Often when looking for a pattern to help you quickly do an addition problem, it can help to change the order that you add things. For example, 8+1 is the same as 1+8, and in both cases you just count up one from 8, to get the answer 9. If you get stumped on an addition problem, try changing the order of which one you add first, and see if it helps.

### Doubling and Nearly Doubling

You may already be good at doubling numbers, such as 2+2. When doubling a number, you are doing the same thing as multiplying by 2. This also means, that if you have learned to count by numbers, such as counting by 4's, you know that it is 4, 8, 12, 16... And thus 4+4 is 8. Once you have become good at doubling, you can use this knowledge to add numbers that are nearly double of each other, by just counting up or down by one. So for instance, 8+7 can be found by adding 8+8, which is 16, and then counting down by 1, which is 15. (If it is easier, you could also have done this by doing 7+7, which is 14, and then counting up 1 to 15.)

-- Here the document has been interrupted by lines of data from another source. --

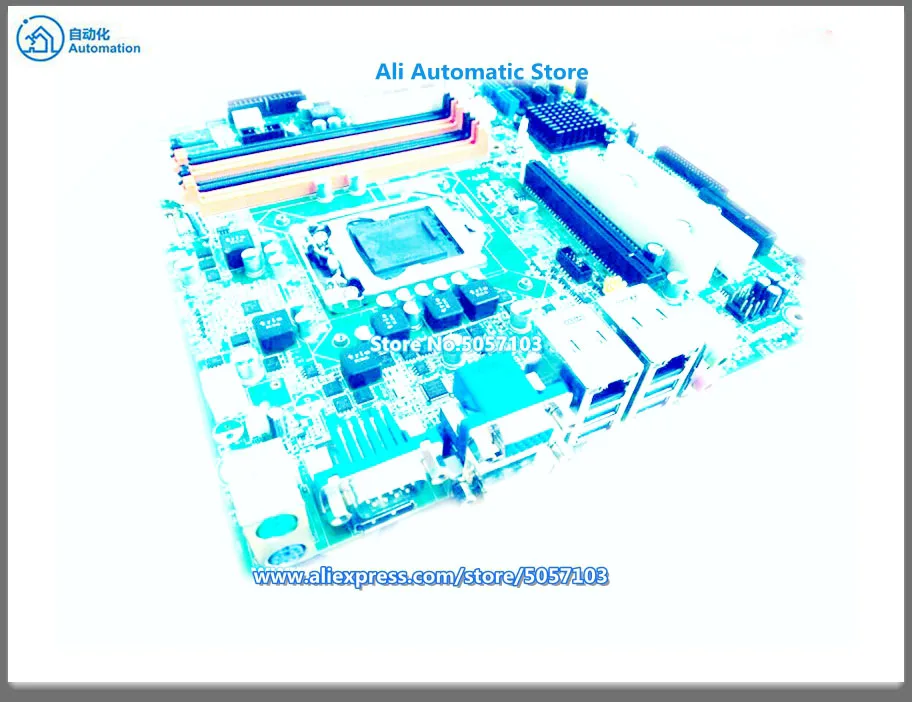 AIMB-582 промышленная плата управления AIMB-582QG2 AIMB-582QVG материнская | Строительство и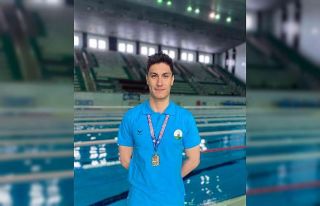 Osmangazili Ceyhun’dan şampiyonluk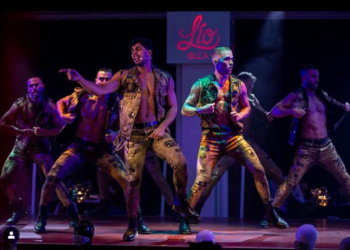 Una actuación en Lío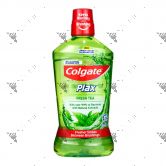 Colgate Plax Mouthwash 1L Fresh Tea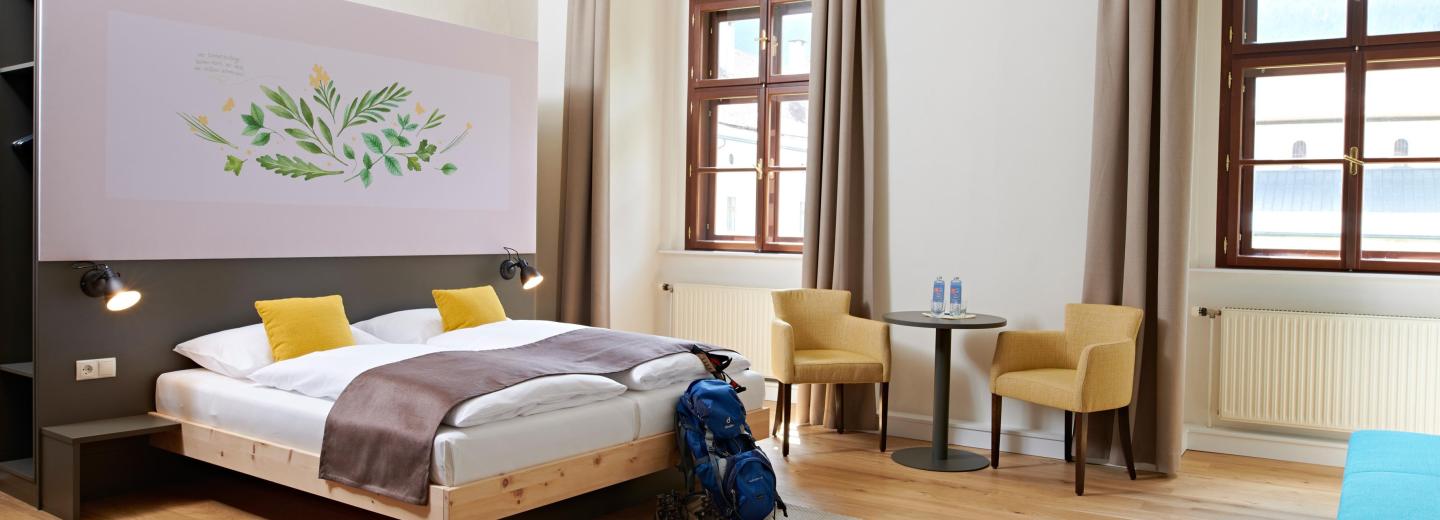 © Eurotours Doppelzimmer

This technique is a little trickier than the others we have so far talked about, but with some practice it might help you out. When adding 5 to another number, the goal is to "find the five inside" the other number, and then add or subtract what is left. For instance when adding 5+8, you could say that 8 is 5+3, so 5+8 is 5+5+3, or 13. Don't worry if you can't get this method, because most of the time you can use one of the other methods that have been taught to find the answer.

### To Ten or Close

It is useful to memorize the patterns that add to 10 which are:

• 0+10
• 1+9
• 2+8
• 3+7
• 4+6
• 5+5

By knowing these patterns, if you see a pattern a little different you will know to go one higher or lower. For instance, 4+7 has the 7 one higher than 6, so this must add up to 11, because 4+6=10 so 4+6+1=11.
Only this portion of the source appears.